My six-year-old has a new aversion to food that’s “all mixed up,” meaning casseroles (including King Ranch Chicken, a Scroggins Family Favorite), soups (minus Cars Chicken Noodle), and salads (even the fun pink fruit salad that all the Grandmas know how to make).chicken-casserole-sl-1704091-l

At first, I was ok with my new picky eater.  I remember not wanting my food to touch, so I could stretch that thought, and relate it to this “mixed-up food” ideaology.  But, it’s getting a little ridiculous.  This morning, we mixed eggs and sausage for breakfast tacos.  That was a no-go.  This evening, I mixed peas and corn.  No bueno. 

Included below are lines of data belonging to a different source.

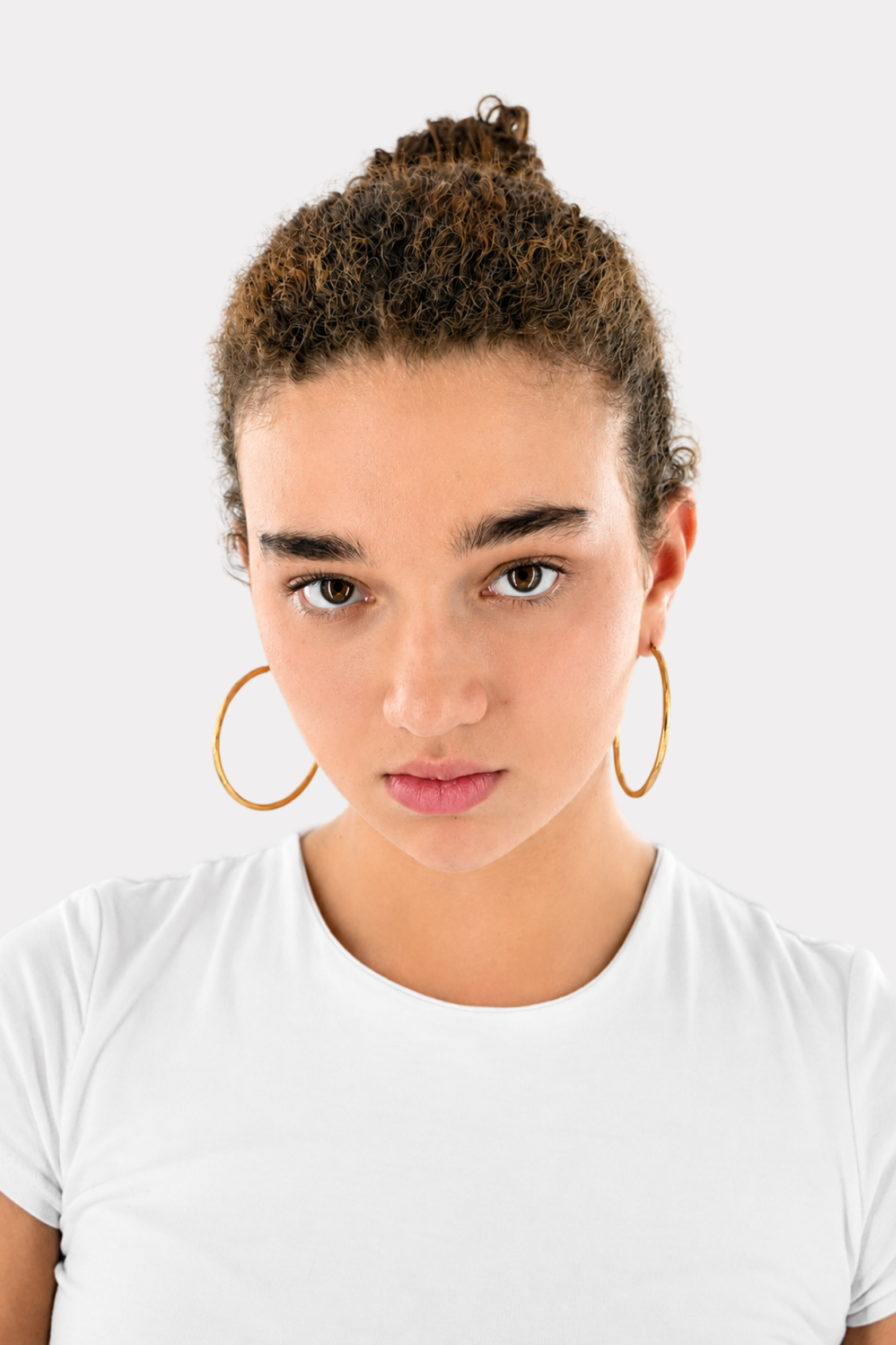 Textured hoops - gold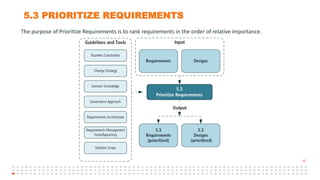 10
5.3 PRIORITIZE REQUIREMENTS
The purpose of Prioritize Requirements is to rank requirements in the order of relative importance.
 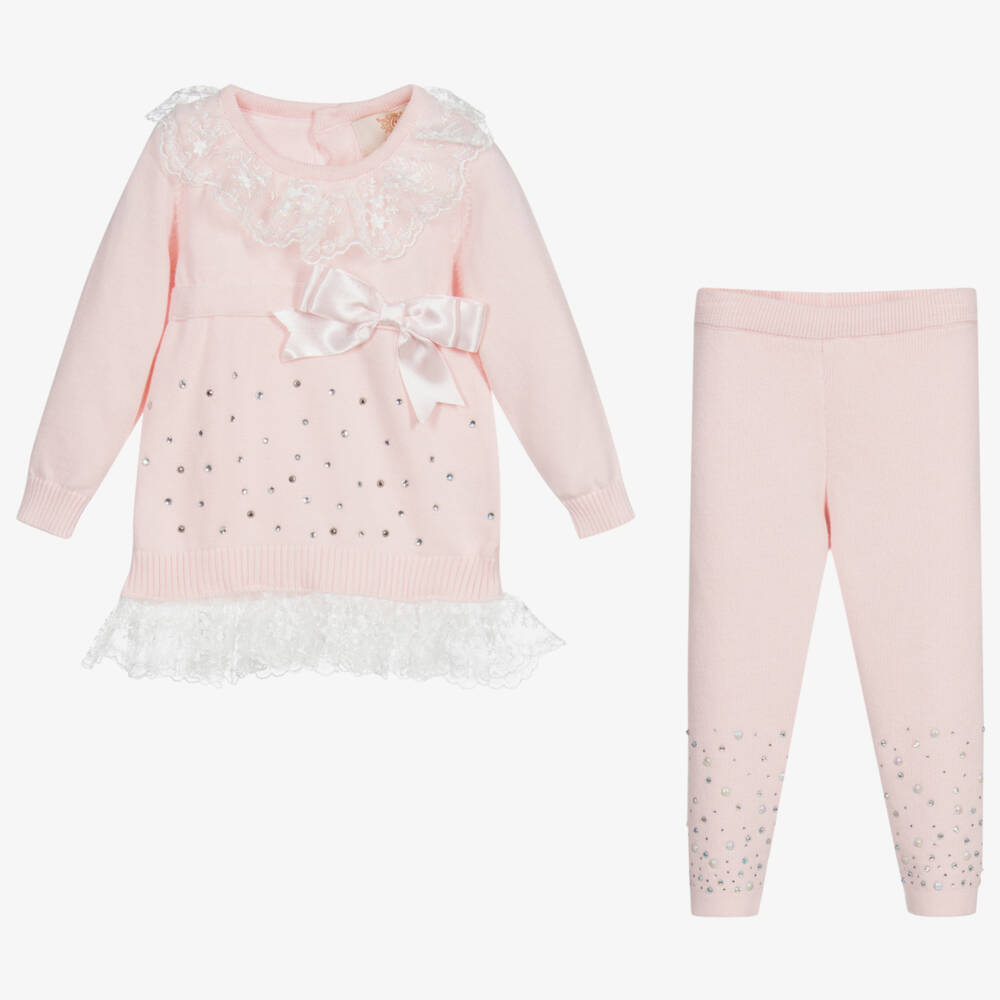 Caramelo Kids-Girls Pale Pink Knit Set | Childrensalon Outlet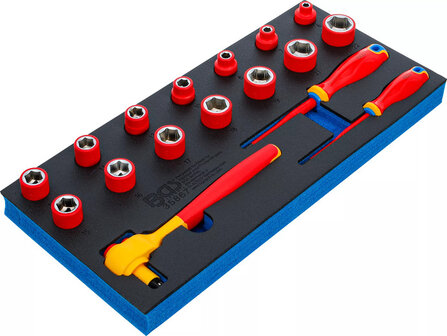Jeu de douilles VDE et tournevis 10 mm (3/8) 17 pcs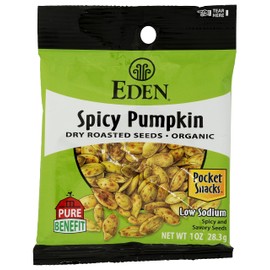 Eden Organic Spicy Pumpkin Seeds, Dry Roasted, Pocket Snacks, 1 Ounce (Pack of 12)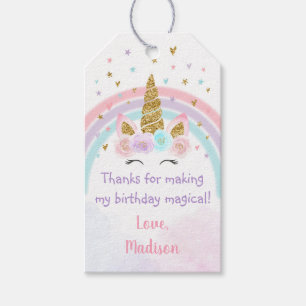 Unicorn Rainbow Pink Gold Birthday Magical Gift Tags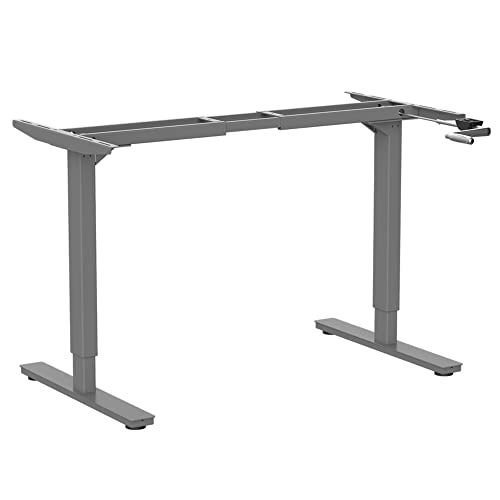 Desktopia Budget Höhenverstellbarer Schreibtisch | Per Kurbel verstellbares Tischgestell | Breite verstellbar für alle gängigen Tischplatten (Grau, Ohne Tischplatte) von Ergotopia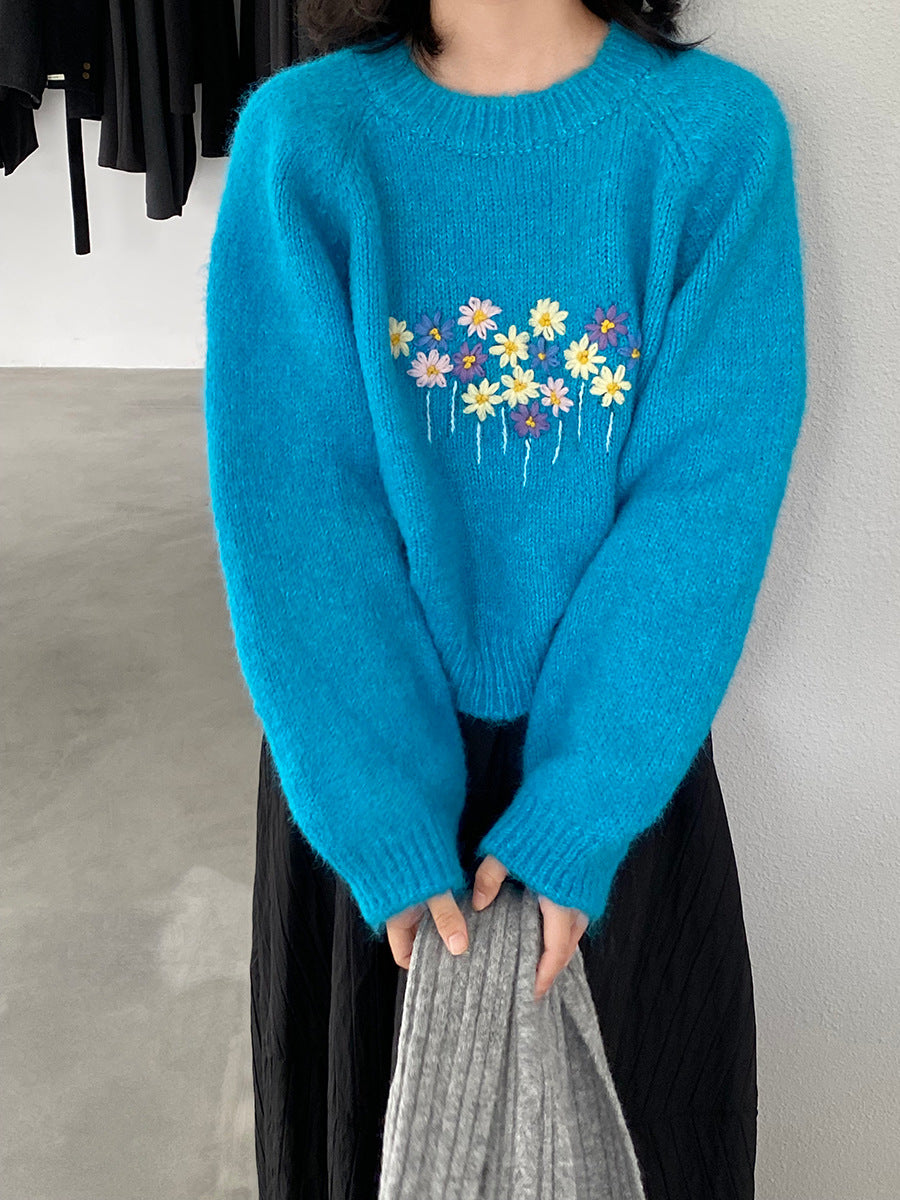 【cimz1394】實拍清新手工立體刺繡小花羊毛針織毛衣（羊毛8%)251128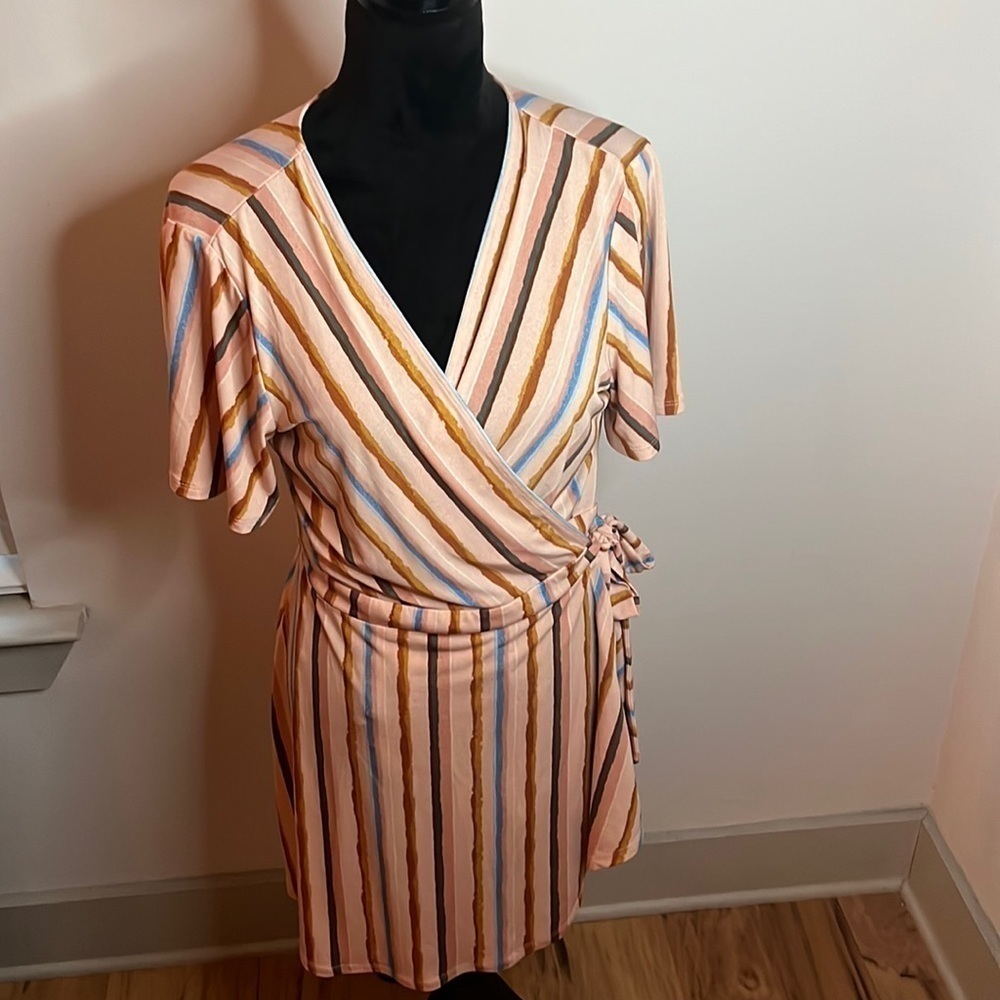 BCBGENERATION multi color stripes‎ wrap mini dres… - image 3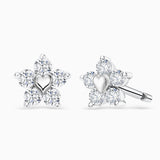 Pendientes Flor Diamantes en Oro Blanco de 18 Kt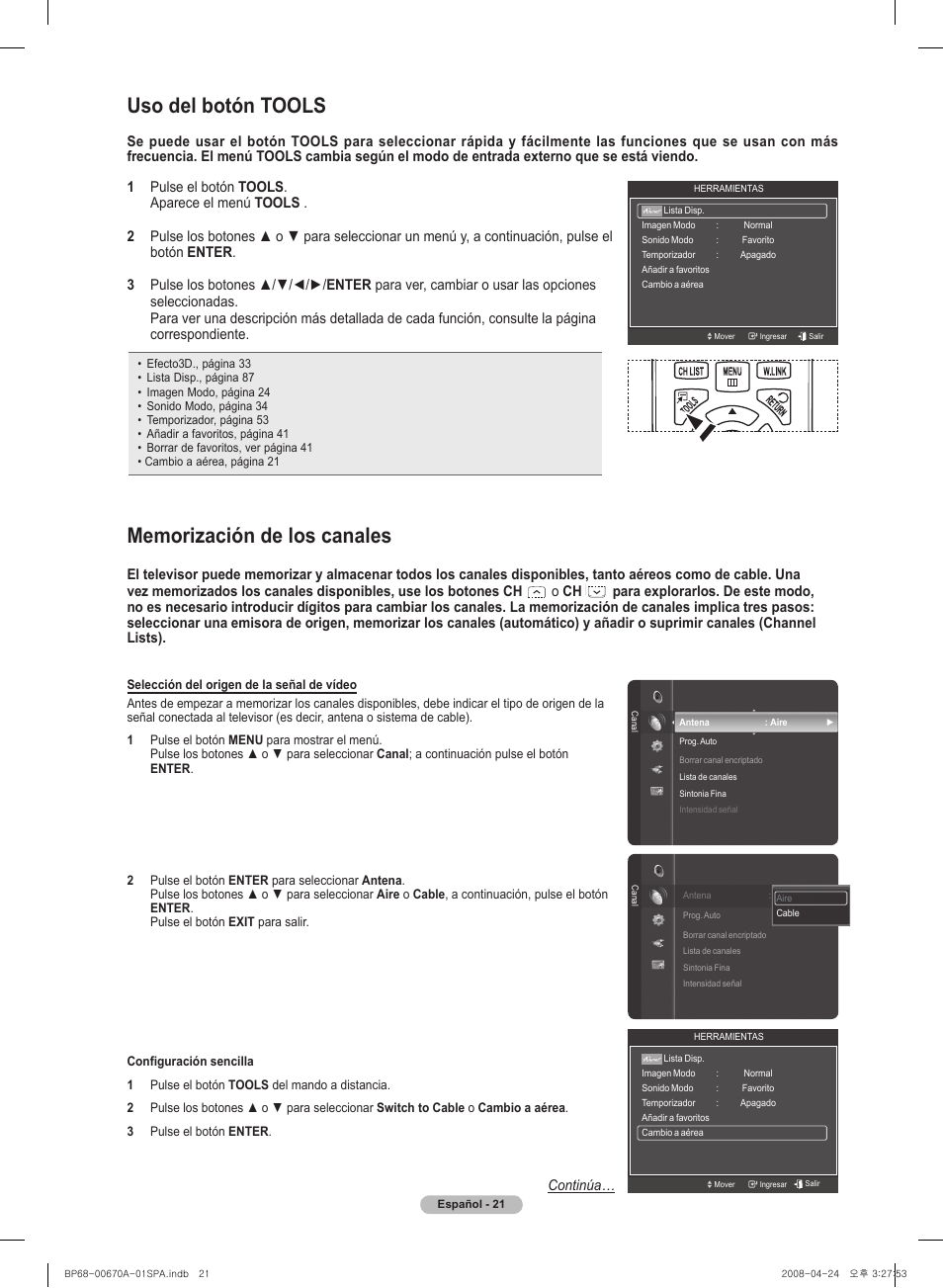Uso del botón tools | Samsung HL72A650C1FXZA User Manual | Page 122 / 195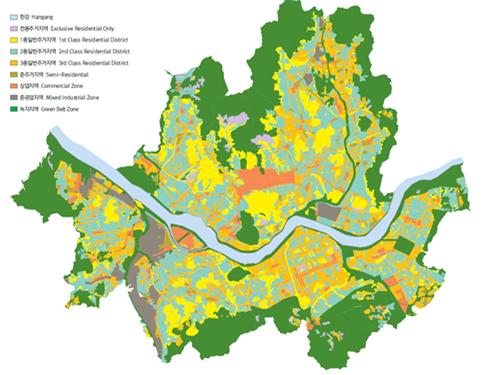 서울시의 용도지역과 면적, 비율을 나타낸 현황 지도이다.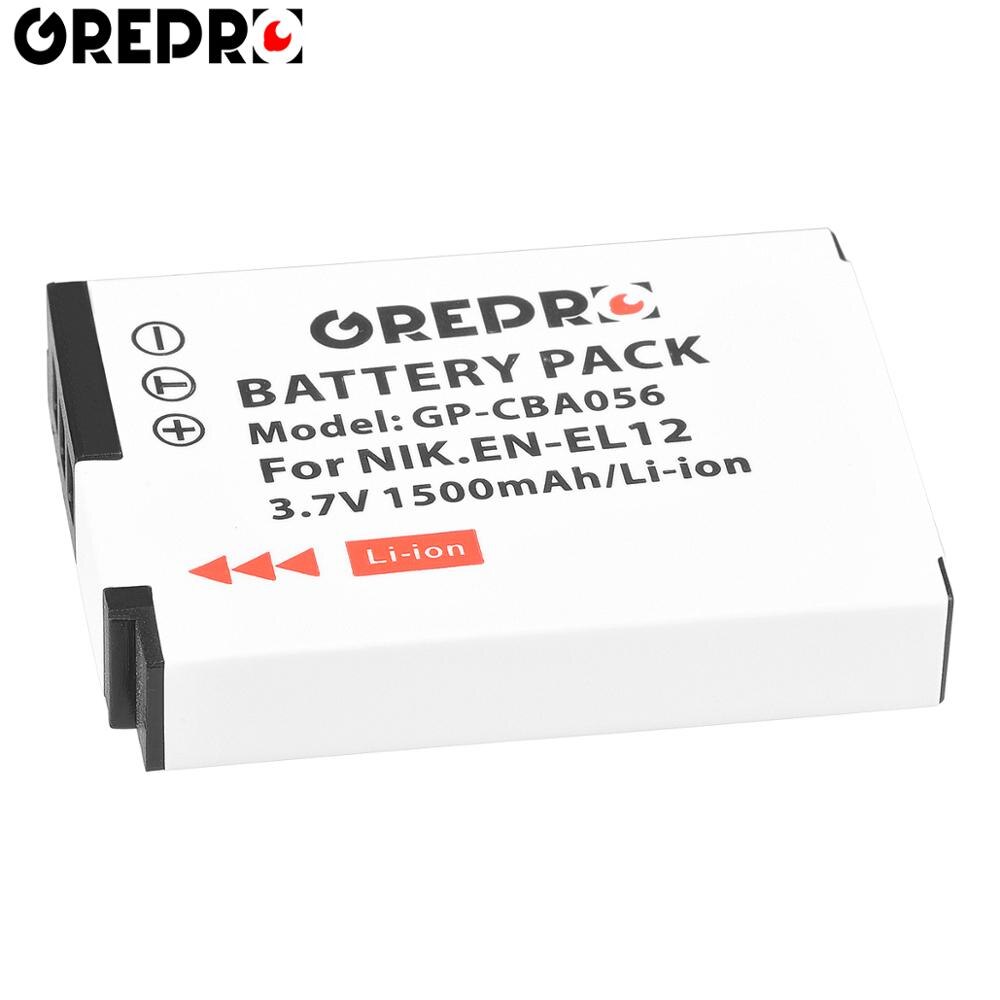 EN-EL12 ENEL12 EL12 batería + cargador USB con LCD para Nikon COOLPIX S630 S610 S640 S1000 S1200pj S31 S6000 S6100 AW120s P340: 1Battery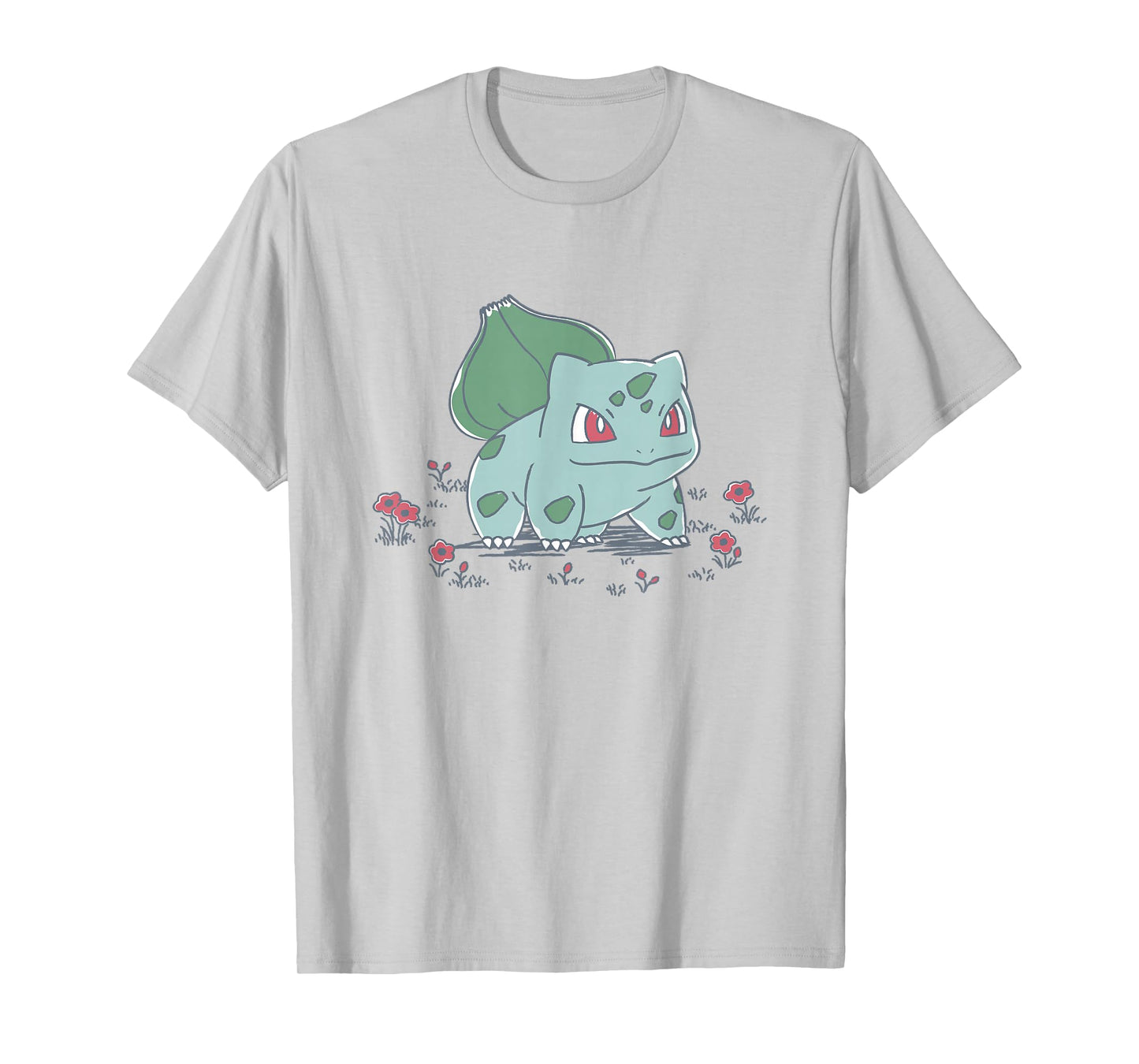Pokémon Bulbasaur Standing In Flower Garden Retro Sketch T-Shirt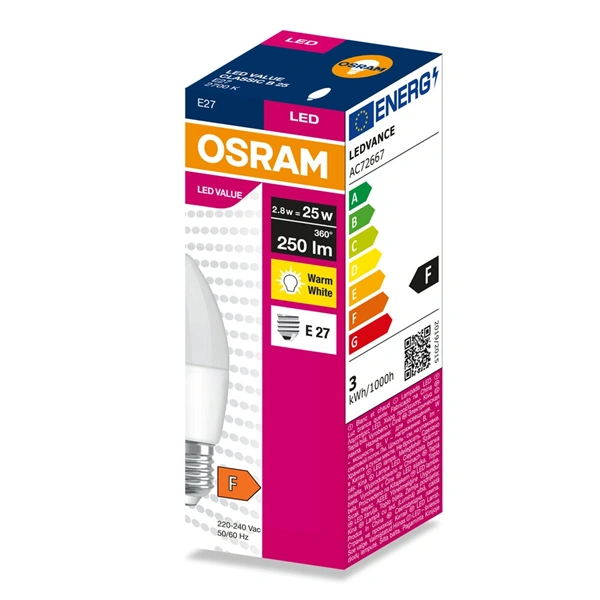 Osram Value B25 2,8W/827 E27 LED fényforrás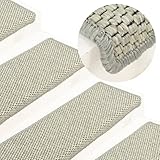 TALCUS Home & Garden Stufenmatten selbstklebend Sisaloptik 15 Stück 65x25 cm grau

More than his actual dislike of mixed-up foods, is his over-the-top reaction to seeing the foods mixed-up.  To put it mildly, total meltdown.  Complete with yelling, and a chair slump-or for a more dramatic effect-a slump to the floor.  Both equally rude in my book.  So, I’ve explained that it’s OK to dislike certain foods; it’s ok to not eat those foods; it’s even ok to put those foods on a “never eat again list” if absolutely needed.  What is NOT OK, is that reaction.  At home, sure, tell me when you don’t like something.  I promise I might not make it again.  But, as a guest in someone’s house, eat it.  Even if it’s dirt, eat it, and say it was yummy.  That’s just good manners.

Every time I think I’ve made headway with this lesson, we backslide a little.  Hopefully, it will sink in before he meets his future in-laws as they serve Spaghetti Chicken with a side of Cool Whip Fruit Salad.